Additional Observations Gleaned from the Study:
• The years 2002-2004 were slow growth - or no growth - years in most categories of intelligent electronic equipment sales related to the modern, increasingly digital, electric power substation. Few retrofit programs were undertaken except for the most critical of substations.

• Increasingly, it is becoming more difficult to separate substation product classifications as manufacturers tout their platforms as "multifunctional" and the product positioning of many electronic devices now cuts across multiple product classifications.

• Newton-Evans further estimates that only about 12% of utility operated substations have been fully automated and integrated by year end 2005. Most of these are in fact newly or recently constructed substations.

• Most substation equipment manufacturers (mid size and smaller companies) and integrators surveyed in the second half of 2005 have indicated some moderate-to-good growth market conditions within their utility sales sectors, resulting in sales that are as much as 5% to 15% higher than 2003 or 2004 sales levels.

• Economic growth has continued in many electricity dependent sectors. In turn, this spurs demand for increased electric power, and increasingly reliable power. This results in internal planning for infrastructure and automation programs.

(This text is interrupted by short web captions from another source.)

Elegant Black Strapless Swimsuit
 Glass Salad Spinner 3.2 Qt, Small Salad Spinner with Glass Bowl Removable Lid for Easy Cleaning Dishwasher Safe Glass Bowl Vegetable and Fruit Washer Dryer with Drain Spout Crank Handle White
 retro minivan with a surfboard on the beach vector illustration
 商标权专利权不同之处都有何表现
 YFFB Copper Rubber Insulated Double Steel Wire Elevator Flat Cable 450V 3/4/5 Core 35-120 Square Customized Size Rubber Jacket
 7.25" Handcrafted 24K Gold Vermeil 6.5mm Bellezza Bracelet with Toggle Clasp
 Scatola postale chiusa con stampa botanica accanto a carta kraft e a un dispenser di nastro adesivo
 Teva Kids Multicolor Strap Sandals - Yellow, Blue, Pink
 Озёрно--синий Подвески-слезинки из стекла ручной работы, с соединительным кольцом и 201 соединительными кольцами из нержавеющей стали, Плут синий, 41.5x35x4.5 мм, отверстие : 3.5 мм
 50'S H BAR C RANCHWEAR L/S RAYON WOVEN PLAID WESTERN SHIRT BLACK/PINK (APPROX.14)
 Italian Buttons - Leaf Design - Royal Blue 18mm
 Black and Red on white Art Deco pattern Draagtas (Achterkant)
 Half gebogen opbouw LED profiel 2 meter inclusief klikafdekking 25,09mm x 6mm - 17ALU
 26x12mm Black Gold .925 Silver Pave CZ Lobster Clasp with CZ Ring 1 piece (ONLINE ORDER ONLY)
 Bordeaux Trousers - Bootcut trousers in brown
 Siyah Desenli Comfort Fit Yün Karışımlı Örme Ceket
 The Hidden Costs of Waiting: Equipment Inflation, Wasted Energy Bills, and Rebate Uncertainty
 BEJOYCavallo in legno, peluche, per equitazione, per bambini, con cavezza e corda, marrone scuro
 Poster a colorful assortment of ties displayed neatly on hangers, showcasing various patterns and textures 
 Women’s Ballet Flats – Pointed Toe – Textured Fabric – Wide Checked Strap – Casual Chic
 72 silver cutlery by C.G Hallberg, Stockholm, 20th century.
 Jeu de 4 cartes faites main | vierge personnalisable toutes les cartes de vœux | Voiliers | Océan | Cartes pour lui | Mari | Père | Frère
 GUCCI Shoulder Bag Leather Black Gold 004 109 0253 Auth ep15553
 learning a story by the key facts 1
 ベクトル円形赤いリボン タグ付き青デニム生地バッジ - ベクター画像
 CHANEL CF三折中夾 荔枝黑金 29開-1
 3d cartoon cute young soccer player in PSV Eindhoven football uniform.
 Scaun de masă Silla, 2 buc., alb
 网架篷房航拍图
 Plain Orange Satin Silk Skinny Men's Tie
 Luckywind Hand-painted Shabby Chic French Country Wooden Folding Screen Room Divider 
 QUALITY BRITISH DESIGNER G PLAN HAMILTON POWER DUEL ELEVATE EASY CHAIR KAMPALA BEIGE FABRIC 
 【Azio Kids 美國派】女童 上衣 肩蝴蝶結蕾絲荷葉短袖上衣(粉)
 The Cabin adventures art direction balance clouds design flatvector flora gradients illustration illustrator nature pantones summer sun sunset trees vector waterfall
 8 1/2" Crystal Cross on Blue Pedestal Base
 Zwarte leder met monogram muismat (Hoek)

• There remains some concern in the industry about the dearth of skilled engineering resources due to retirements and layoffs. This may further impact the ability of technology supplier companies to engage utilities for other than short-term requirements. However, third party engineering and integration service firms are now making significant strides in winning substation automation-related business from planning to design to construction.

• If distributed generation activities continue to increase across the world, there is some positive benefit that will occur for the substation automation, integration and retrofit business, as utilities become more involved with DG efforts.

• In summary, retrofit substations will be upgraded as warranted, based on load growth, criticality to customers, and development of DG programs. New substations will increasingly be designed and constructed as integrated and automated remote assets for the utility.

• Protocol use and plans among North American electric power utilities continue to differ from the trends among utilities in the international communities. North American utilities continue to strongly support DNP 3, and will likely migrate to a LAN version of this protocol. See the comparative charts at the end of the release.

• International utilities tend to use IEC protocols. Currently, the 60870-5-103 protocol is popular, especially in Europe, while migration to IEC 61850 is underway in Europe, the Middle East and Africa, and among some of the largest utilities elsewhere. Nonetheless, Latin American and Asian Pacific utilities report strong use of Modbus and Asia-Pacific utilities tend to align themselves more with DNP 3 at the present time.